Image Source: Zilong Cheng and Zifeng Zhu of China compete in the Men’s 10m Synchronised Final in Singapore (Adam Pretty/Getty Images)

The diving competition at the World Aquatics Championships – Singapore 2025 saw 278 athletes from 54 countries compete across 13 events.  Six of these were individual competitions – Women’s 1m Springboard, Men’s 1m Springboard, Women’s 3m Springboard, Men’s 3m Springboard, Women’s 10m Platform, and Men’s 10m Platform – and six were synchronised events — Women’s 3m Synchronized, Men’s 3m Synchronized, Women’s 10m Synchronized, Men’s 10m Synchronized, Mixed 3m Synchronized, and Mixed 10m Synchronized.

The 13th diving competition at the 2025 Worlds was the Mixed Team Event. Each team, featuring a mixed-gender lineup, performs a set of dives across a range of heights on the springboard and platform, both in the individual and synchronised disciplines. Over the nine-day programme, athletes executed more than 3,300 competition dives.

China once again dominated the diving medal table with nine golds, three silver and four bronze medal performances. However, this wasn’t the historic golden sweep that Chinese divers achieved at the Paris 2024 Olympics, with rivals from Australia (two golds), Italy and Mexico also standing atop the diving podium in Singapore.

Not surprisingly, considering China’s global diving dominance, Asia also topped the continental medal distribution charts with 19 total medals, followed by Europe (9 medals), the Americas (8 medals) and Oceania (3). While Maha Amer of Egypt won gold in the Women’s 1m Springboard event at the 2024 Worlds in Doha, African divers did not record a medal at the 2025 Worlds in Singapore.
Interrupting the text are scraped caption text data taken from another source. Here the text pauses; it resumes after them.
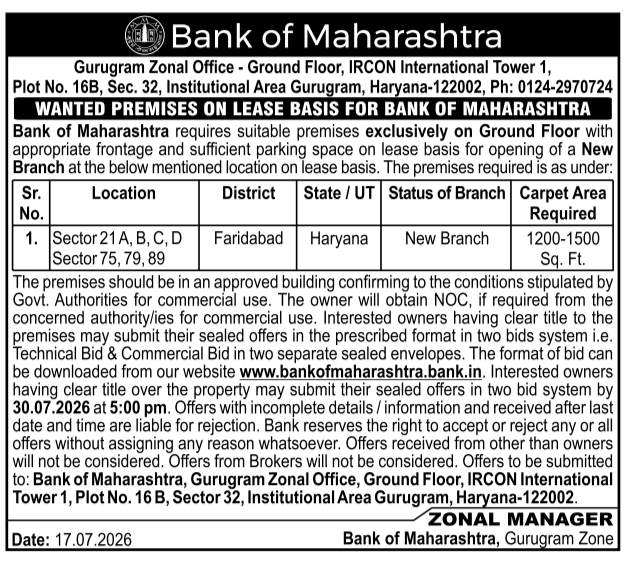 Wanted Premises: Office Space on Lease Basis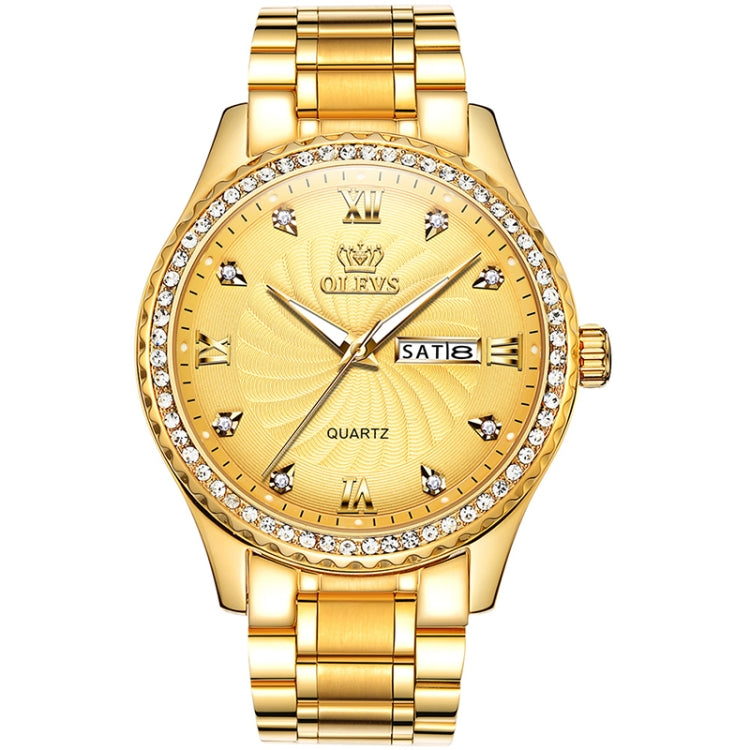Gold-tone men’s quartz watch with rhinestone bezel, textured dial, and metal strap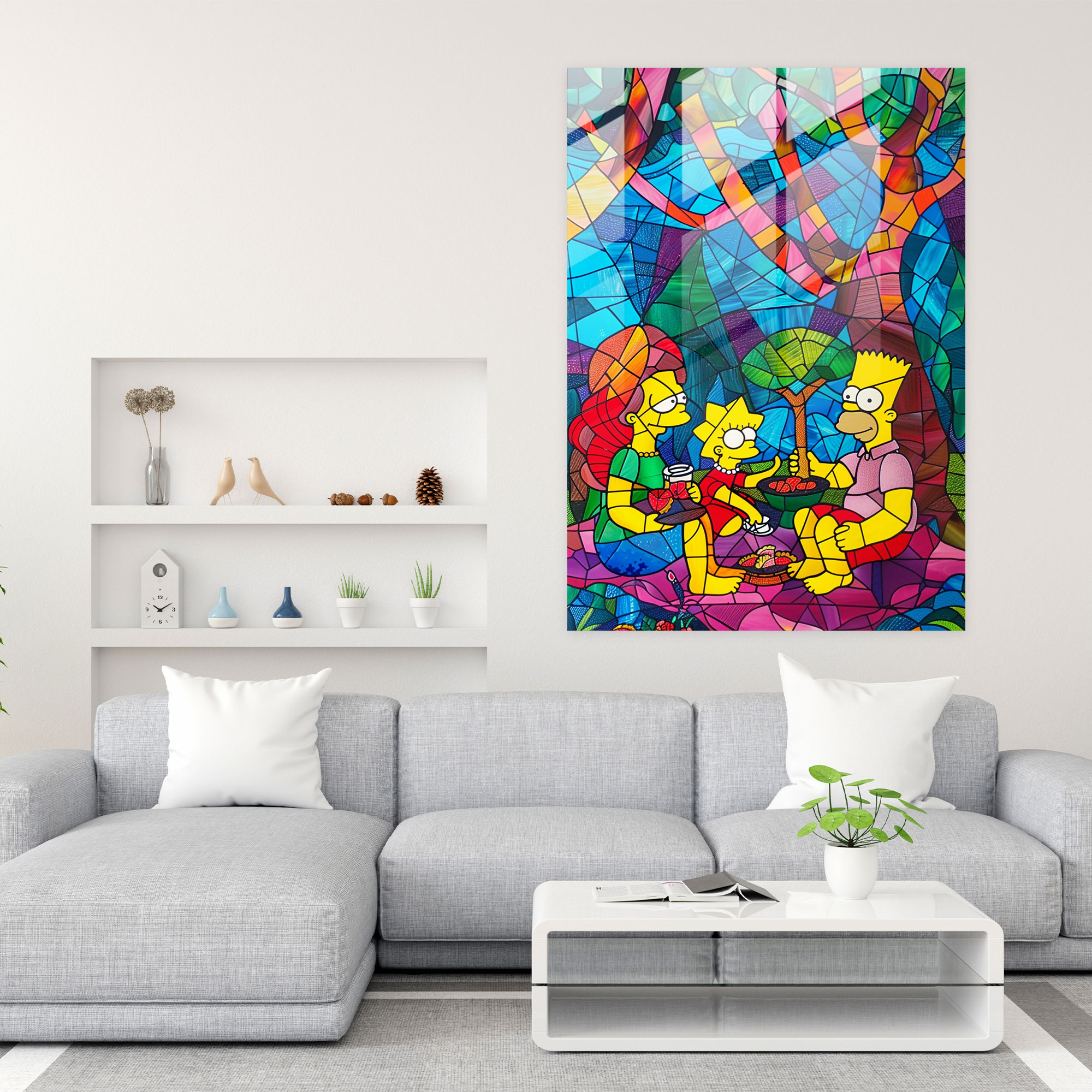 The Simpsons Glass Print - The Simpsons, Picnic, Glass Art, Family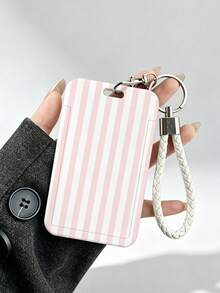 New Minimalist Striped Pattern (Random Print Distribution) Card Holder (Card Holder + Keychain), Suitable For Student ID, Meal Card, Bus/Metro Card And Access Card, With Bag Hanging, Keychain, Wallet And Bank/Credit Card Storage Functions, Equipped With Sliding Cover Design And Lanyard, Made Of Durable Plastic Material, Sturdy And Long-Lasting, Effectively Protects Work ID, Essential For Holiday Travel And University Life - Multicolor - View 2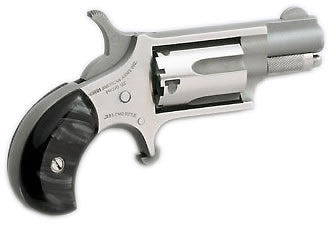 MINI 22LR REV 1-1/8 SS BLK PRL NAA-22LR-GP-B|PEARLITE GRIPS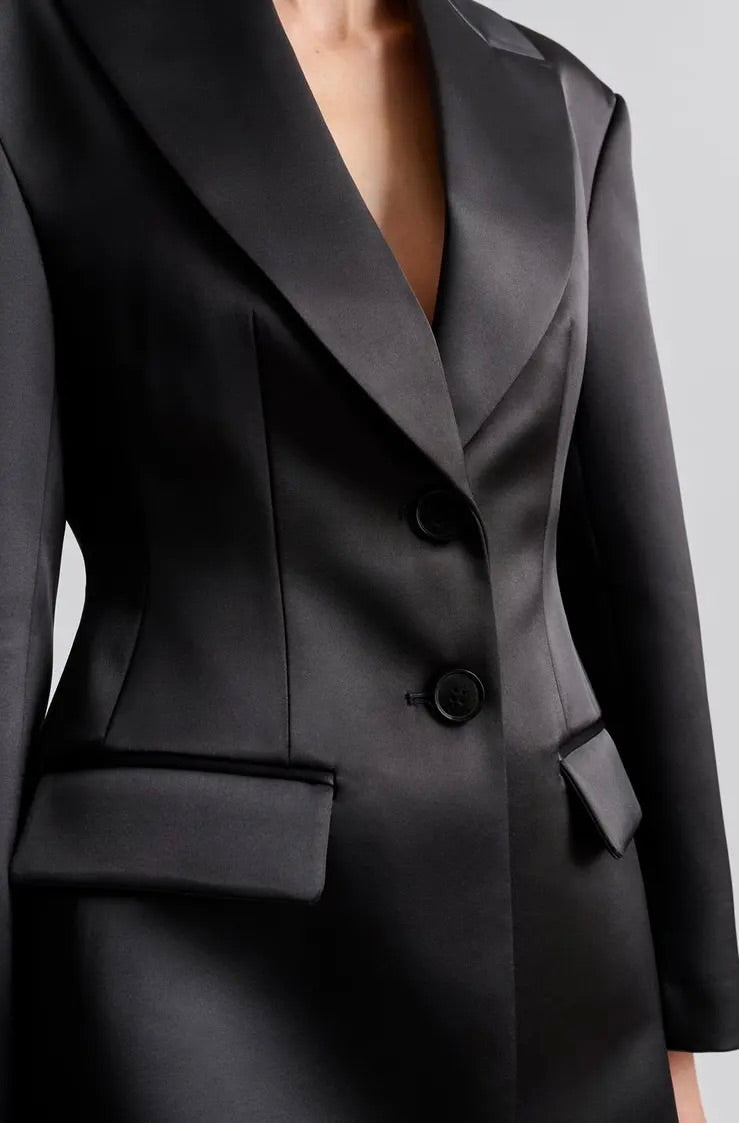 Malina Ella Tailored Peplum Blazer Black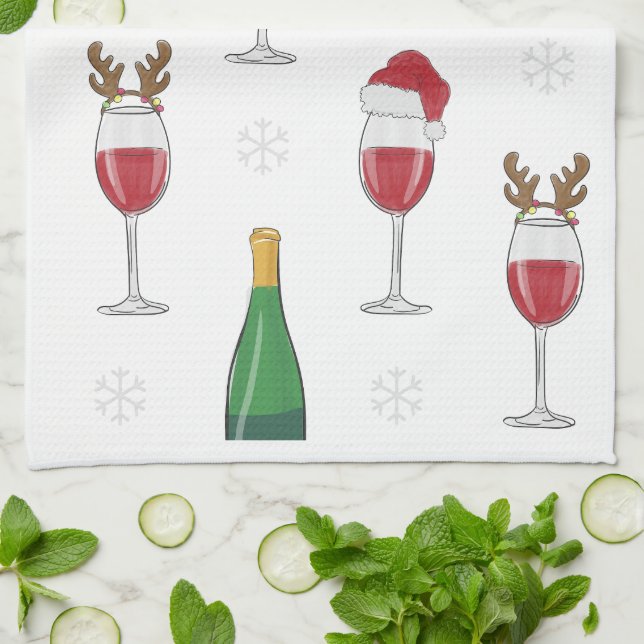 Wine Christmas Santa Reindeer Snowflakes Holiday  Tea Towel (Folded)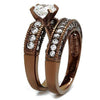 WildKlass Stainless Steel Ring IP Coffee Light Women AAA Grade CZ Clear-WildKlass Jewelry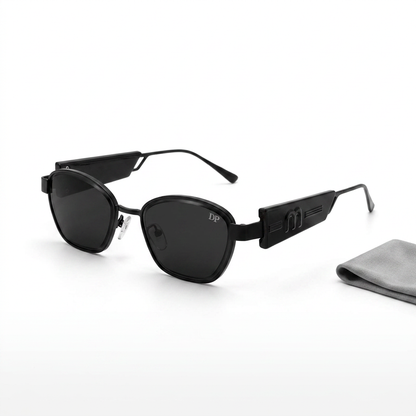 Urban Geo - Dark Jet Black Angular — Unisex Sunglasses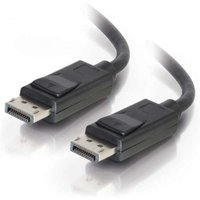 Black C2G 6ft DisplayPort cable with two male connectors and a smooth, flexible outer casing.
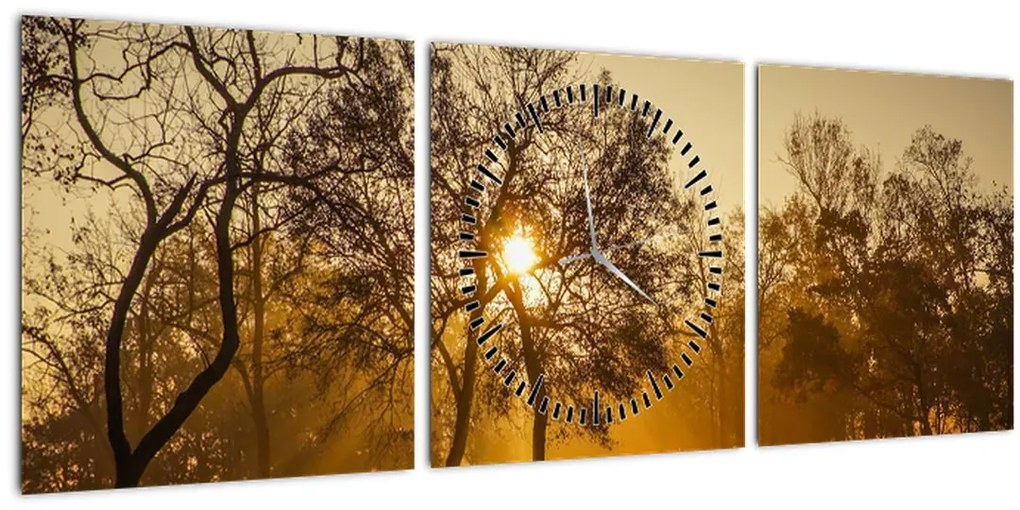 Tablou cu răsăsrit de soare (cu ceas) (90x30 cm)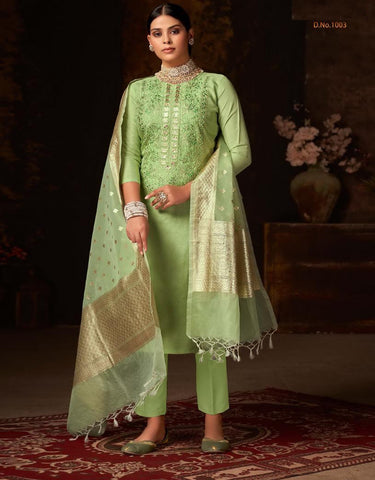 Designer Green Silk Salwar Suit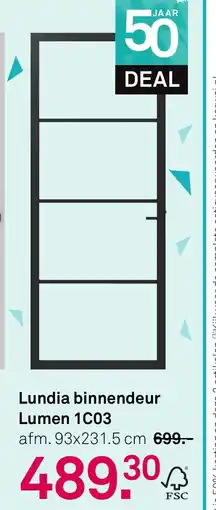 Karwei Lundia binnendeur Lumen 1C03 aanbieding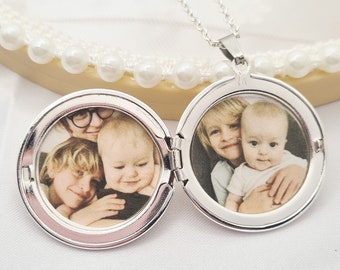 Photo Locket, Silver Locket, Photo Necklace, Round Photo Locket, Personalised Locket, Round Locket with Necklace and Photo, Photo Locket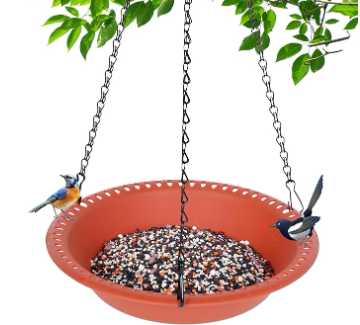 Hanging Bird Feeder Tray with Drainage Holes for Outside, Bird Seed Catcher Tray, Feeding Station (14 inch, Green)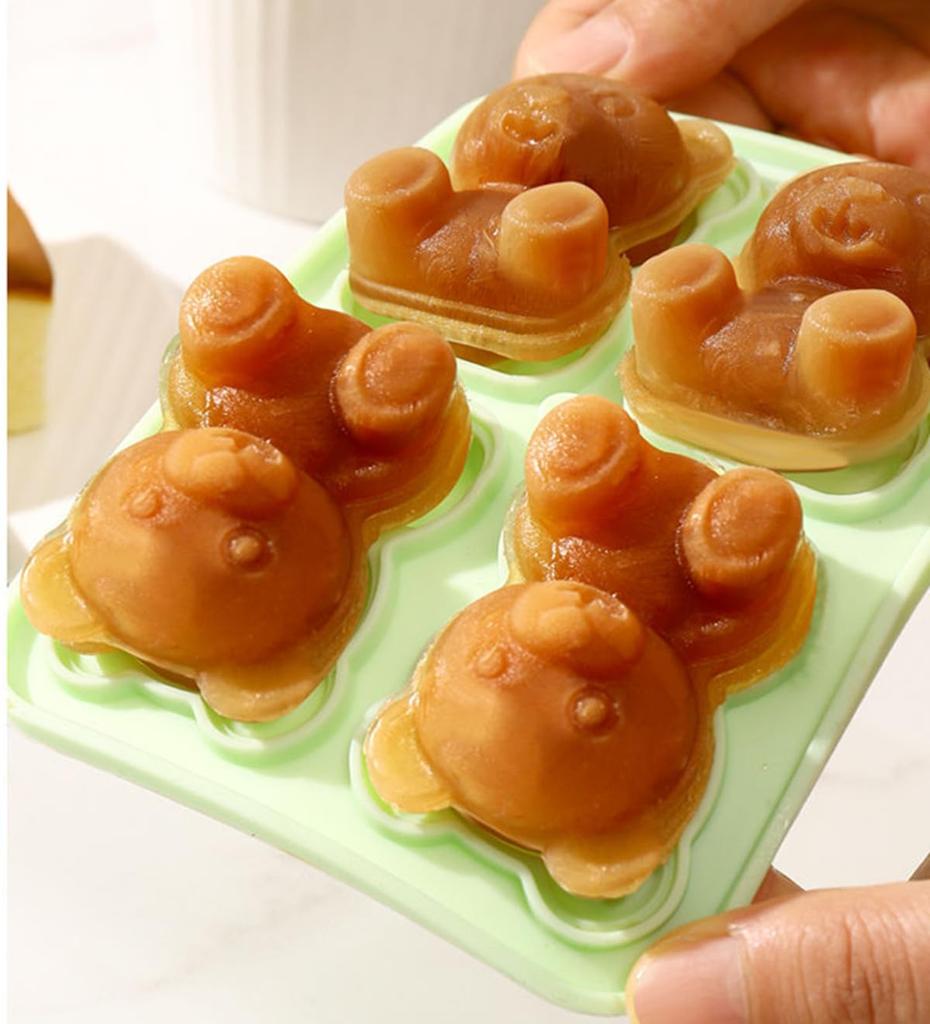 2/4/6 Grids Ice Cube Bear-Shaped Silicone Molder 3d Kawaii Bear Summer Relieve The Heat Diy Drink Ice Coffee Ice Cube Trays Mold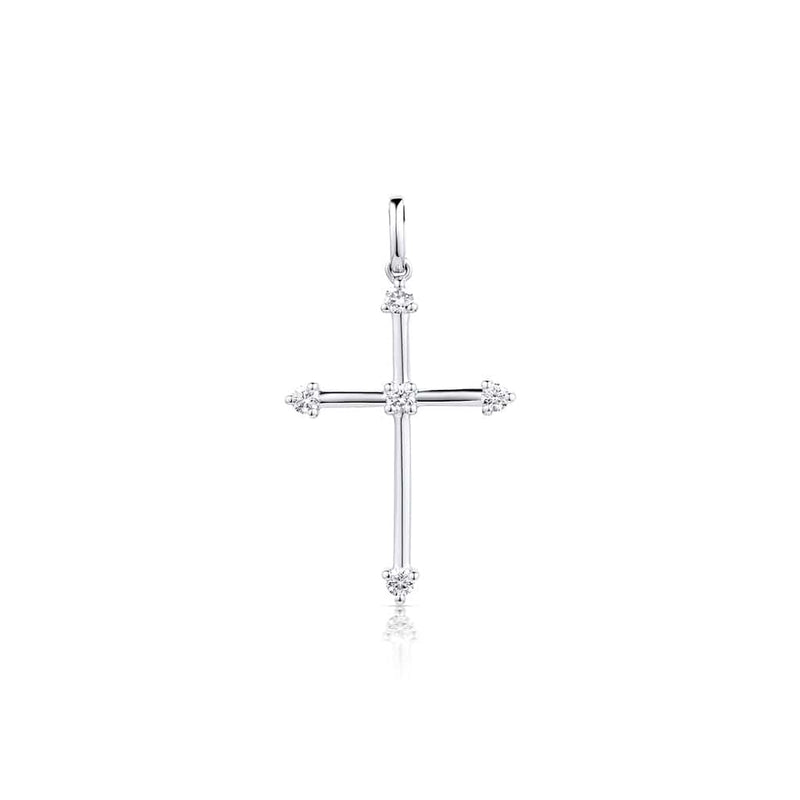 18kt White Gold 5 Diamond Cross Pendant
Image Source: When you nail a dive, you know it – immediately. Osmar Olvera Ibarra reacts to his dive in the Men’s 3m Springboard Final in Singapore (Sarah Stier/Getty Images)

One of the standout moments came in the Men’s 3m Springboard, where China’s gold-medal streak at the World Championships—unbroken since Melbourne 2007—came to an end. Mexico’s Osmar Olvera Ibarra delivered a stunning performance to defeat triple world champion Wang Zongyuan and 2016 Olympic gold medallist Cao Yuan, securing Mexico’s first-ever world title in the event.

“It’s a dream come true: to be a world champion in an Olympic event,” said Olvera Ibarra, the Men’s 1m Springboard world champion from Doha. “In the morning, I thought, ‘I will be a champion today. Today is the day I get a gold medal.’”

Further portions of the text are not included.